Similar to using ifilter, you could use a generator expression:

>>> (x for x in xrange(10) if x > 5).next()
6

In either case, you probably want to catch StopIteration though, in case no elements satisfy your condition.

Technically speaking, I suppose you could do something like this:

>>> foo = None
>>> for foo in (x for x in xrange(10) if x > 5): break
... 
>>> foo
6

It would avoid having to make a try/except block. But that seems kind of obscure and abusive to the syntax.

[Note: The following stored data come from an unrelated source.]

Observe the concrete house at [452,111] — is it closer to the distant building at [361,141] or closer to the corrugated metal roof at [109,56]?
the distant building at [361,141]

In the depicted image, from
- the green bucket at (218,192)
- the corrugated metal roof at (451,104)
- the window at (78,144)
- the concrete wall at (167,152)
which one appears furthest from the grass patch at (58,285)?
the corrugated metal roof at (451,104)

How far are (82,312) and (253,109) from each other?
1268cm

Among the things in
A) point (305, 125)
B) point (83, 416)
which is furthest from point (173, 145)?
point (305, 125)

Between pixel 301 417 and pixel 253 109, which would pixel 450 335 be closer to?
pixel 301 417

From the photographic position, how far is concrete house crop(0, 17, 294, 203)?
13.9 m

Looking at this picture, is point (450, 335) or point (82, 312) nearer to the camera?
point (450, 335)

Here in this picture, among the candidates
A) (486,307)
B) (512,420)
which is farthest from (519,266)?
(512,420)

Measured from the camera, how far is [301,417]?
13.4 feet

Since you've requested a built-in one-liner, this will avoid the issue of a StopIteration exception, though it requires that your iterable is small so you can cast it to a list, since that is the only construct I know of which will swallow a StopIteration and let you peek at the values:

(lambda x:x[0] if x else None)(list(y for y in ITERABLE if CONDITION))

(If no element matches, you will get None rather than a StopIteration exception.)

In Python 3:

a = (None, False, 0, 1)
assert next(filter(None, a)) == 1

In Python 2.6:

a = (None, False, 0, 1)
assert next(iter(filter(None, a))) == 1

EDIT: I thought it was obvious, but apparently not: instead of None you can pass a function (or a lambda) with a check for the condition:

a = [2,3,4,5,6,7,8]
assert next(filter(lambda x: x%2, a)) == 3

Oneliner:

thefirst = [i for i in range(10) if i > 3][0]

If youre not sure that any element will be valid according to the criteria, you should enclose this with try/except since that [0] can raise an IndexError.

Damn Exceptions!

I love this answer. However, since next() raise a StopIteration exception when there are no items, i would use the following snippet to avoid an exception:

a = []
item = next((x for x in a), None)

For example,

a = []
item = next(x for x in a)

Will raise a StopIteration exception;

Traceback (most recent call last):
  File "<stdin>", line 1, in <module>
StopIteration

I would write this

next(x for x in xrange(10) if x > 3)